> TASK TO COMPLETE:
With pictures left out, output exactly the lines of the listing below from the line that has "Building Photo - Beautiful Prattville Home" to the line that has "Used 2020 Toyota RAV4 LE FWD image 21", both lines kept.

> DATA FOR REVIEW:

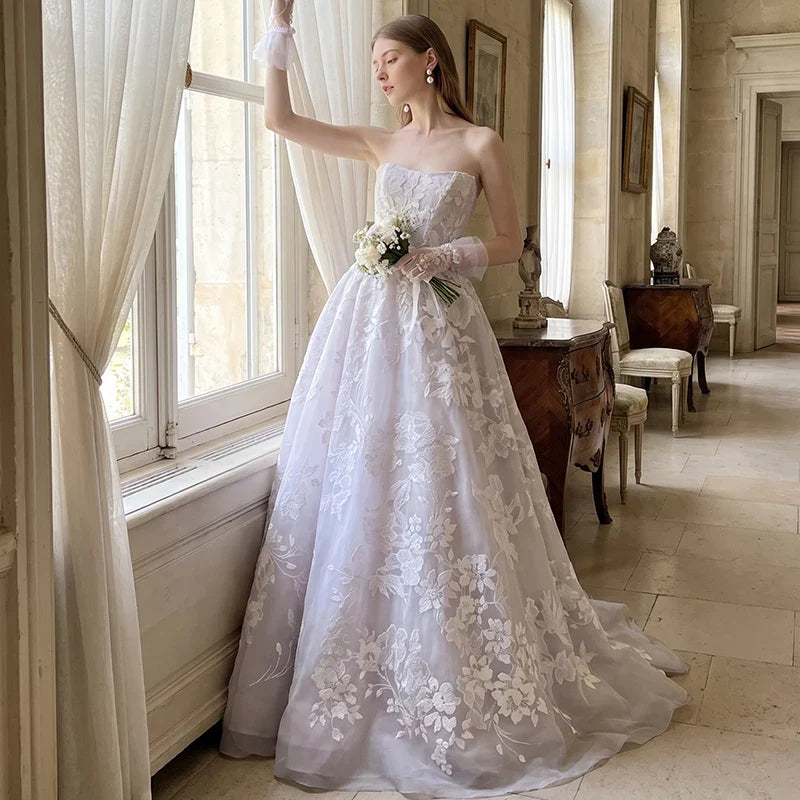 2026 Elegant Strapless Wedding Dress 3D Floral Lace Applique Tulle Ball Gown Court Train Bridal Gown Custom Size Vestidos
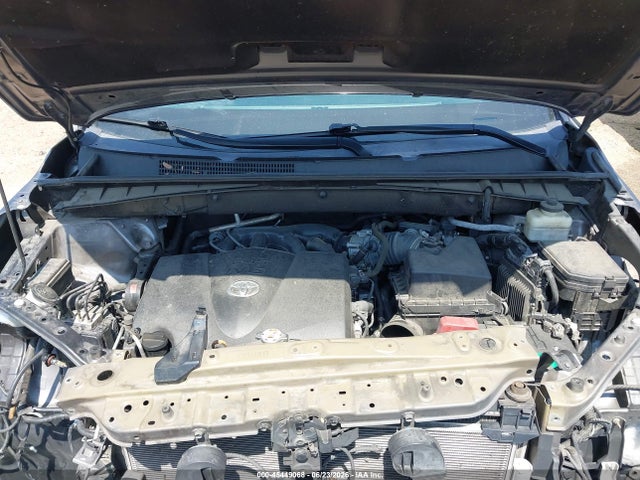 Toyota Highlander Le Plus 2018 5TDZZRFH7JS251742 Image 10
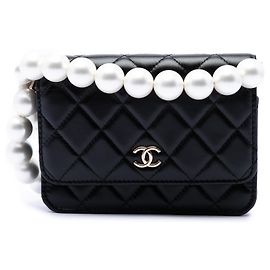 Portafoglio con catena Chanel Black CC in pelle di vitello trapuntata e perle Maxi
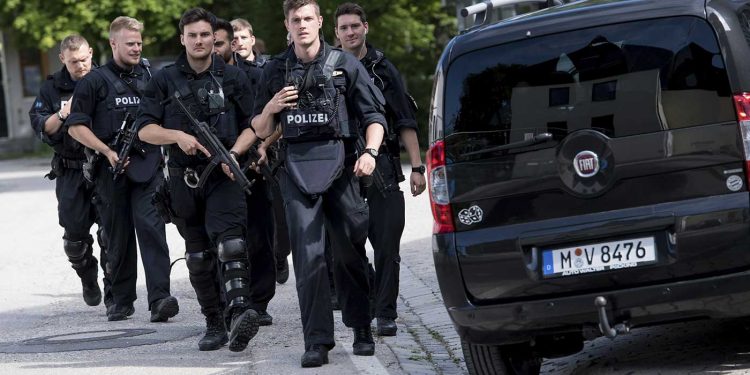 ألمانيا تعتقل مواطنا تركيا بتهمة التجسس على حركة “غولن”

...

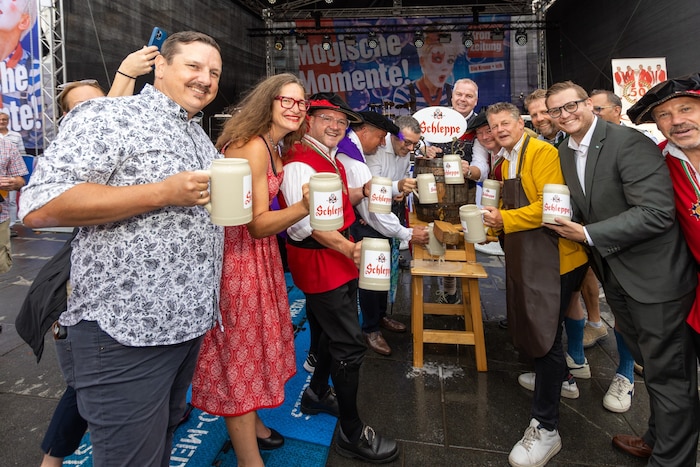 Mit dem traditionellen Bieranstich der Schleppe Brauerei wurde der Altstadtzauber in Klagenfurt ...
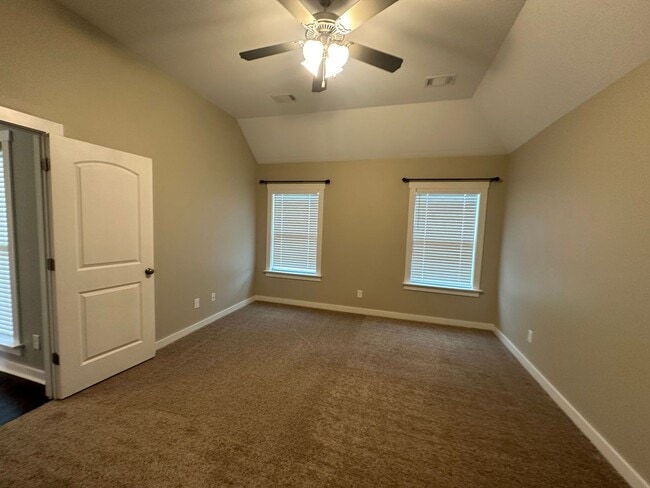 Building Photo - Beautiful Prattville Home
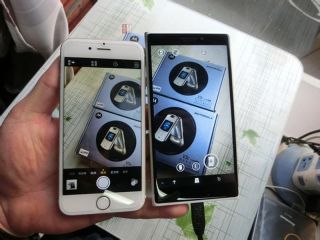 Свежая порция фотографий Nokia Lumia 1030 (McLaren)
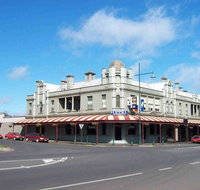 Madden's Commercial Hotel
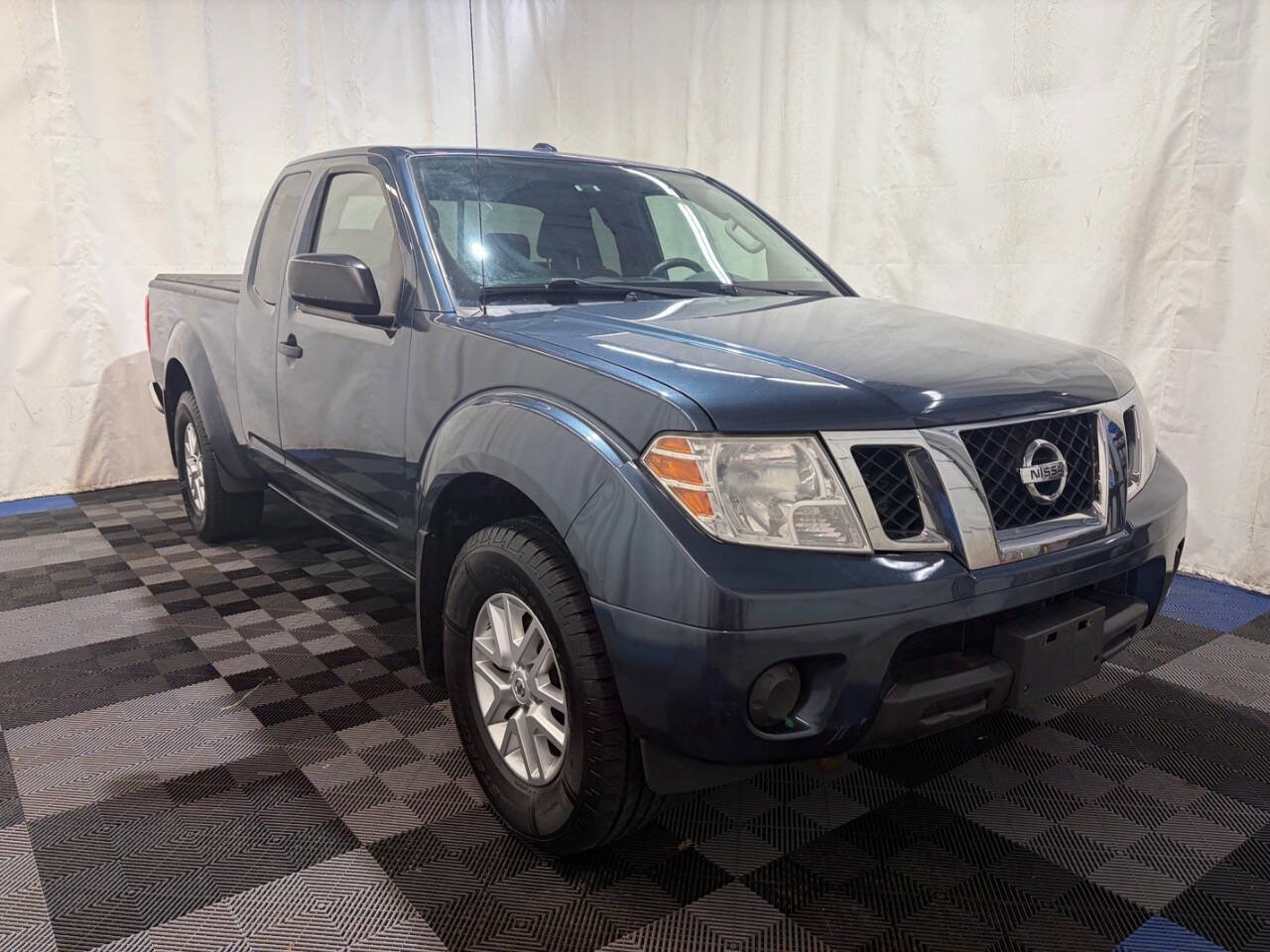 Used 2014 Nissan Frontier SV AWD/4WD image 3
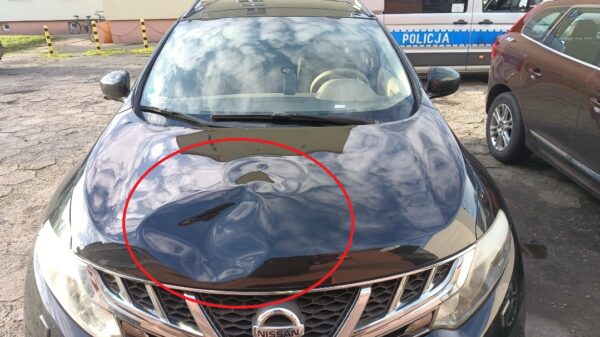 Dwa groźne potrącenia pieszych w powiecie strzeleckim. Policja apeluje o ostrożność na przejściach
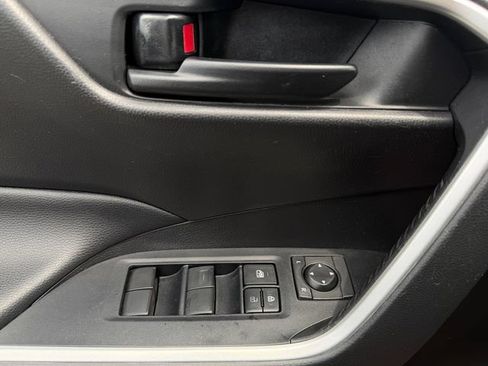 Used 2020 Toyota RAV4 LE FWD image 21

> YOUR RESPONSE:
 Building Photo - Beautiful Prattville Home
 Свежая порция фотографий Nokia Lumia 1030 (McLaren)
 Madden's Commercial Hotel
 Used 2014 Nissan Frontier SV AWD/4WD image 3
 Dwa groźne potrącenia pieszych w powiecie strzeleckim. Policja apeluje o ostrożność na przejściach
 Used 2020 Toyota RAV4 LE FWD image 21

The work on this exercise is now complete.